Stored data
-*-*-

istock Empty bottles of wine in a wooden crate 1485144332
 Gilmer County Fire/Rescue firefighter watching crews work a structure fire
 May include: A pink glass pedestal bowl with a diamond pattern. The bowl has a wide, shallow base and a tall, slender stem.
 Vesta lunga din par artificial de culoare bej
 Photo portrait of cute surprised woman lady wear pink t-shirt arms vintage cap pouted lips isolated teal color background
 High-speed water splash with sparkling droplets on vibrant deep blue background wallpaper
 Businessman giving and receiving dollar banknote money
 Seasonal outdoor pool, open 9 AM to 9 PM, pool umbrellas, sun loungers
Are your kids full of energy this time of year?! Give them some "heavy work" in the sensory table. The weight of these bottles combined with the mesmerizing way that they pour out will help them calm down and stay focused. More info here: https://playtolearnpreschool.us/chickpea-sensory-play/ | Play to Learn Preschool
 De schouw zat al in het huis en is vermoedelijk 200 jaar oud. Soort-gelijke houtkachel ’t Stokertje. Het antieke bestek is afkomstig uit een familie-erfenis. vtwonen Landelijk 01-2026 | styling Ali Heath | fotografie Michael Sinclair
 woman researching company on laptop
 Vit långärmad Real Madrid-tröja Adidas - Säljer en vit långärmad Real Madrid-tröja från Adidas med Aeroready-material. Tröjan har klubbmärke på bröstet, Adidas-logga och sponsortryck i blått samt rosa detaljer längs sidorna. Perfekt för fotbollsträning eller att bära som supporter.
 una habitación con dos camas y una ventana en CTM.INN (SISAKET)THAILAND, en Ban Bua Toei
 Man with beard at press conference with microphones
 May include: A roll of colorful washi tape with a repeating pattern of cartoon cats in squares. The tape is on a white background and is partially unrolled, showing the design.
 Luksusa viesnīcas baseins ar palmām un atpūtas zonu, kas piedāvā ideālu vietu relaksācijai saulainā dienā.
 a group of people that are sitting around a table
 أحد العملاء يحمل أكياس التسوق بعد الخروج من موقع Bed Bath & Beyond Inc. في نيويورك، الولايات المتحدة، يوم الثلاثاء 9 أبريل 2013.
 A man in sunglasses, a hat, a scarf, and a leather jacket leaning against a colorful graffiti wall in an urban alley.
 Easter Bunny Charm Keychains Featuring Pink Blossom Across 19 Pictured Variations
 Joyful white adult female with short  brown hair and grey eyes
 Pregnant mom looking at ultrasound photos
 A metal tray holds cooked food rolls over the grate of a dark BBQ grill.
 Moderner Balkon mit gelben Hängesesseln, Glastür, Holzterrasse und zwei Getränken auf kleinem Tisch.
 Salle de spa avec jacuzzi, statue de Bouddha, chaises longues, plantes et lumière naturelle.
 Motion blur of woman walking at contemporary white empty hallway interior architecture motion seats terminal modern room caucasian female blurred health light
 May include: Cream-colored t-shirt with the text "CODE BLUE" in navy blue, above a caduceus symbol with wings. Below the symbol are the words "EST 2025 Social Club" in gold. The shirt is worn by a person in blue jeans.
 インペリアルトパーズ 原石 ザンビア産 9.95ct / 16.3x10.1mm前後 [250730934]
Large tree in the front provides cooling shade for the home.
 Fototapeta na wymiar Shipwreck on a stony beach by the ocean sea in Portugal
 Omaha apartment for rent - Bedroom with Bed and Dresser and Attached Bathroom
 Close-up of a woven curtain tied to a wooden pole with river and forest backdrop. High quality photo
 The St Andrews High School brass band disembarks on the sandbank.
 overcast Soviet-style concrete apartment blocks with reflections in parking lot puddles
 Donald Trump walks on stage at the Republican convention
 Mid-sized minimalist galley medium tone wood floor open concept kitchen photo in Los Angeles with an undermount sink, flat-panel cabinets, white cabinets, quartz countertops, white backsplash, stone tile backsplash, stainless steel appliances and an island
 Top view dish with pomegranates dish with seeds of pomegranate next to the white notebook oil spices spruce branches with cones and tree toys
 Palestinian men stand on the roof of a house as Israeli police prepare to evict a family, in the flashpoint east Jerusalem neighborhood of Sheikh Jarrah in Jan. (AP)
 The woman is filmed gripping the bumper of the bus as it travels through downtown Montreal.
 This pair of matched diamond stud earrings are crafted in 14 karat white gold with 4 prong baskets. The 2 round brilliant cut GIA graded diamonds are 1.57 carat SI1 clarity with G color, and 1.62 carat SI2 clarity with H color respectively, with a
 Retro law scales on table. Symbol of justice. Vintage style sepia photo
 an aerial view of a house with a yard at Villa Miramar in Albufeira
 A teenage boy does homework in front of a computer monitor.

-*-*-

Required action
Your task is to extract all of the records exactly.

Final answer
istock Empty bottles of wine in a wooden crate 1485144332
 Gilmer County Fire/Rescue firefighter watching crews work a structure fire
 May include: A pink glass pedestal bowl with a diamond pattern. The bowl has a wide, shallow base and a tall, slender stem.
 Vesta lunga din par artificial de culoare bej
 Photo portrait of cute surprised woman lady wear pink t-shirt arms vintage cap pouted lips isolated teal color background
 High-speed water splash with sparkling droplets on vibrant deep blue background wallpaper
 Businessman giving and receiving dollar banknote money
 Seasonal outdoor pool, open 9 AM to 9 PM, pool umbrellas, sun loungers
Are your kids full of energy this time of year?! Give them some "heavy work" in the sensory table. The weight of these bottles combined with the mesmerizing way that they pour out will help them calm down and stay focused. More info here: https://playtolearnpreschool.us/chickpea-sensory-play/ | Play to Learn Preschool
 De schouw zat al in het huis en is vermoedelijk 200 jaar oud. Soort-gelijke houtkachel ’t Stokertje. Het antieke bestek is afkomstig uit een familie-erfenis. vtwonen Landelijk 01-2026 | styling Ali Heath | fotografie Michael Sinclair
 woman researching company on laptop
 Vit långärmad Real Madrid-tröja Adidas - Säljer en vit långärmad Real Madrid-tröja från Adidas med Aeroready-material. Tröjan har klubbmärke på bröstet, Adidas-logga och sponsortryck i blått samt rosa detaljer längs sidorna. Perfekt för fotbollsträning eller att bära som supporter.
 una habitación con dos camas y una ventana en CTM.INN (SISAKET)THAILAND, en Ban Bua Toei
 Man with beard at press conference with microphones
 May include: A roll of colorful washi tape with a repeating pattern of cartoon cats in squares. The tape is on a white background and is partially unrolled, showing the design.
 Luksusa viesnīcas baseins ar palmām un atpūtas zonu, kas piedāvā ideālu vietu relaksācijai saulainā dienā.
 a group of people that are sitting around a table
 أحد العملاء يحمل أكياس التسوق بعد الخروج من موقع Bed Bath & Beyond Inc. في نيويورك، الولايات المتحدة، يوم الثلاثاء 9 أبريل 2013.
 A man in sunglasses, a hat, a scarf, and a leather jacket leaning against a colorful graffiti wall in an urban alley.
 Easter Bunny Charm Keychains Featuring Pink Blossom Across 19 Pictured Variations
 Joyful white adult female with short  brown hair and grey eyes
 Pregnant mom looking at ultrasound photos
 A metal tray holds cooked food rolls over the grate of a dark BBQ grill.
 Moderner Balkon mit gelben Hängesesseln, Glastür, Holzterrasse und zwei Getränken auf kleinem Tisch.
 Salle de spa avec jacuzzi, statue de Bouddha, chaises longues, plantes et lumière naturelle.
 Motion blur of woman walking at contemporary white empty hallway interior architecture motion seats terminal modern room caucasian female blurred health light
 May include: Cream-colored t-shirt with the text "CODE BLUE" in navy blue, above a caduceus symbol with wings. Below the symbol are the words "EST 2025 Social Club" in gold. The shirt is worn by a person in blue jeans.
 インペリアルトパーズ 原石 ザンビア産 9.95ct / 16.3x10.1mm前後 [250730934]
Large tree in the front provides cooling shade for the home.
 Fototapeta na wymiar Shipwreck on a stony beach by the ocean sea in Portugal
 Omaha apartment for rent - Bedroom with Bed and Dresser and Attached Bathroom
 Close-up of a woven curtain tied to a wooden pole with river and forest backdrop. High quality photo
 The St Andrews High School brass band disembarks on the sandbank.
 overcast Soviet-style concrete apartment blocks with reflections in parking lot puddles
 Donald Trump walks on stage at the Republican convention
 Mid-sized minimalist galley medium tone wood floor open concept kitchen photo in Los Angeles with an undermount sink, flat-panel cabinets, white cabinets, quartz countertops, white backsplash, stone tile backsplash, stainless steel appliances and an island
 Top view dish with pomegranates dish with seeds of pomegranate next to the white notebook oil spices spruce branches with cones and tree toys
 Palestinian men stand on the roof of a house as Israeli police prepare to evict a family, in the flashpoint east Jerusalem neighborhood of Sheikh Jarrah in Jan. (AP)
 The woman is filmed gripping the bumper of the bus as it travels through downtown Montreal.
 This pair of matched diamond stud earrings are crafted in 14 karat white gold with 4 prong baskets. The 2 round brilliant cut GIA graded diamonds are 1.57 carat SI1 clarity with G color, and 1.62 carat SI2 clarity with H color respectively, with a
 Retro law scales on table. Symbol of justice. Vintage style sepia photo
 an aerial view of a house with a yard at Villa Miramar in Albufeira
 A teenage boy does homework in front of a computer monitor.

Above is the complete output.